Originally arranged in the last years of the Ottoman rule of Bulgaria, it was radically transformed immediately after the Liberation of Bulgaria in 1878 and the choice of Sofia as the capital the following year under the city architect Antonín Kolář on the initiative of the temporary governor Pyotr Alabin. The alley network was reorganized, new plants were added, as well as a low wooden fence, a coffeehouse and a kiosk for musicians. The garden was initially named the Alexander II Garden in honour of Russian tsar Alexander II, who initiated the Russo-Turkish War of 1877-78, which led to the Liberation of Bulgaria.

Until the end of the 19th century the City Garden was repeatedly reorganized and further developed. Among the noted gardeners that worked on it were Karl Betz, Daniel Neff and Iliya Todorov, who shaped the garden's appearance that it would retain until the Second World War.

The construction of the now-demolished Georgi Dimitrov Mausoleum soon after the beginning of Communist rule of Bulgaria after the war was followed by multiple fundamental reorganizations, such as in 1951 and 1959 by Sugarev and R. Robev, 1976 and 1978 by A. Agura. These led to the orientation of the garden not towards the former royal palace as previously, but towards the Ivan Vazov National Theatre. The new composition was often in conflict with the initial planning and the City Garden lost territory and key architectural elements in the period.

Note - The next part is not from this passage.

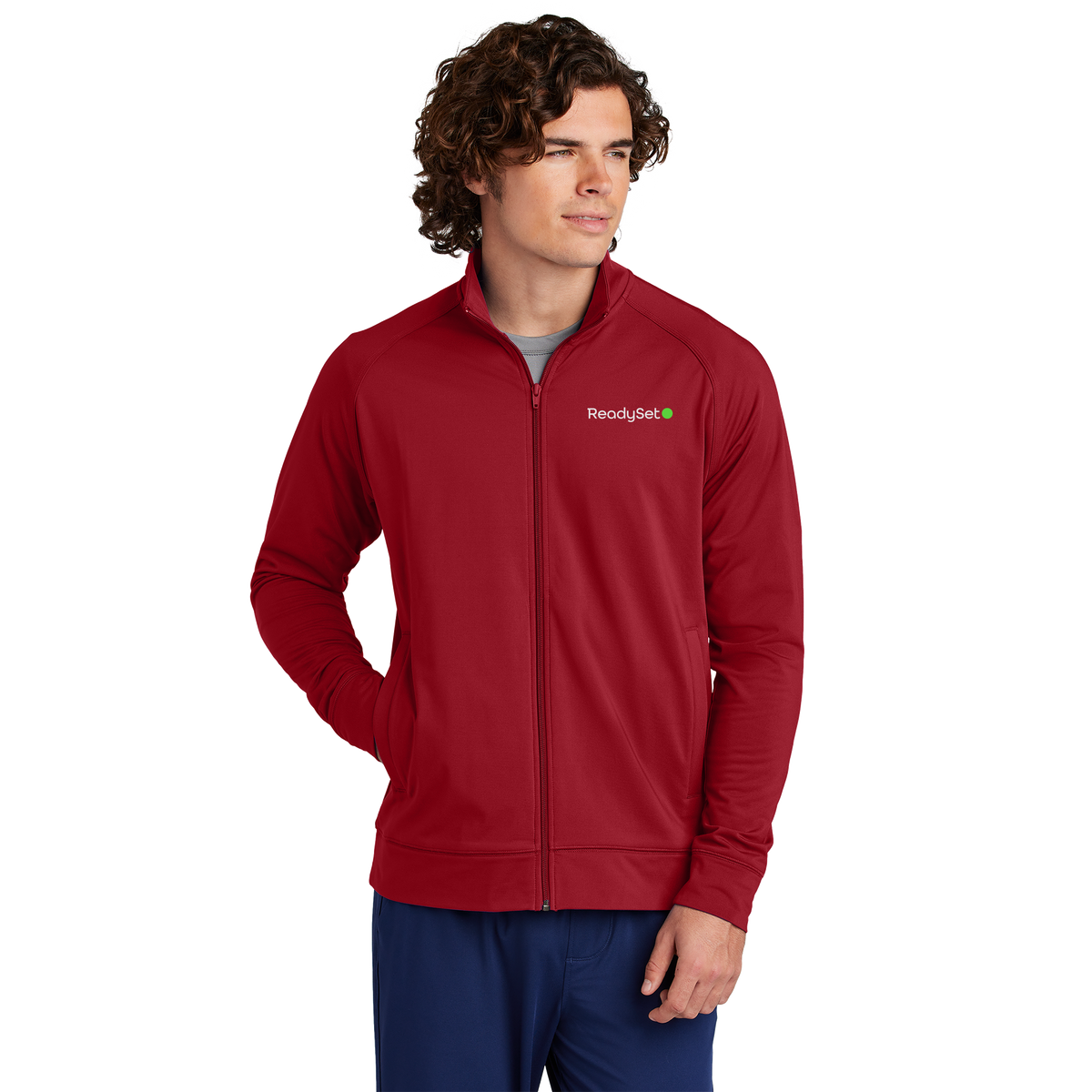 readysetsurgical-sport-tek-mens-cadet-jacket-primary-mockup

Today the City Garden is not only a popular retreat for the residents of the capital, but also a favoured place for amateur chess players, who can be regularly seen in the small garden in front of the National Theatre. It was also the place where a group of around 300 people gathered on 27 August 1895 to climb Cherni vrah in Vitosha led by the writer Aleko Konstantinov on what is regarded as the birth date of tourism in Bulgaria.